While no difference was noted in the oxidation peak, it is quite clear that the reduction peak is more intense and slightly shifted towards the lower potentials. This modification occurs on all electrodes for all the strains: it was not predicted by the theory, which states that if the binding was correct, both the oxidation and the reduction peak should be less intense.
The only conclusion we may draw from this experiment is that we have indeed modified the electrodes, all in the same way, but we do not exactly know the state of the surface at this point.
The most likely explanation for this inconclusive experiment is that the fixation of the aptamers wasn’t complete. This might be explained by the fact that the drops of the fixating solution evaporated very quickly: some aptamers may therefore not have had time to bind correctly and instead adsorbed unto the nanotubes. The protective layer we had hoped to detect using cyclic voltammetry was therefore not thick enough for us to notice a difference.
Bacterial detection with aptamers/carbon-nanotube electrodes
Once the aptamers are attached to the carbon-nanotube electrodes, pathogens can be selectively detected by potential change. Using our arduino as a voltmeter, we have recorded the response profile of our electrodes following the addition of bacteria at different time points. Graphs represent potential (mV) on y-axis and time (s) on x-axis.
For each test, the same protocol was performed, as following :
50 µL of 1X PBS are added on the electrode.
After stabilization of the potential (2-3mins), 25 µL of bacterial
solution are deposited on the PBS droplet and mix up and down.
Change in potential is recorded.
After 100 seconds, 25 µL of bacterial solution are added once again.
Five conditions were tested.
As a negative control, PBS has been added on the surface of the electrode coated with our own aptamers designed for E. faecium: BBa_K3176020. On Figure 10, two peaks are observed perfectly corresponding to the moment when the drop is added. This environment disturbance induces a temporary change in potential, before quickly returning to the basic potential.

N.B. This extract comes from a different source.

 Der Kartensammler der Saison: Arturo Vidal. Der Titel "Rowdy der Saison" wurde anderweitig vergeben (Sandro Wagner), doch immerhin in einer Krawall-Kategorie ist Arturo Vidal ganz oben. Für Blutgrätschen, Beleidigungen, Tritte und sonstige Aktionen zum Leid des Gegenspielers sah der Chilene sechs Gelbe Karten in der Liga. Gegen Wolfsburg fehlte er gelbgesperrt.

Figure 10: Negative control with PBS
We then detected a signal in the presence of the targeted bacteria E. faecium. Figure 11 shows a high change in potential with a staircase profile. Bacteria are well able to bind to the aptamers, inducing a change in their conformation.

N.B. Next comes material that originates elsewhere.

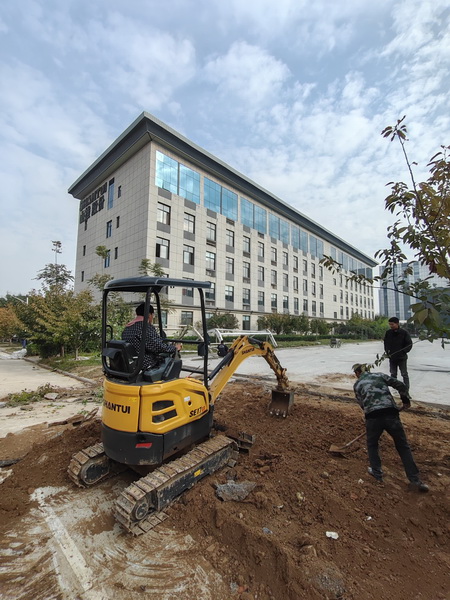 山推挖掘机助力河南山推厂区道路升级改造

Figure 11: E. faecium injected in a drop on an electrod with aptamers selected for E. faecium
We finally could observe that our electrodes coated with E. faecium aptamers are only specific to this strain. Figure 12 shows that a solution of E. coli does not induce any staircase potential jumps as observed for E. faecium. Indeed the profile of the graph is similar to the PBS control : with two peaks when the drop is added, before quickly returning to the basic potential. This observation proves that our aptamers designed for E. faecium are specific to this strain.
Figure 12: E. coli injected in a drop on an electrod with aptamers selected for E. faecium
Finally, E. faecium bacteria were added within a negative urine control (SurineTM), simulating analysis conditions. Once again, a staircase trend in the curve showed that bacteria are well able to bind to the aptamers.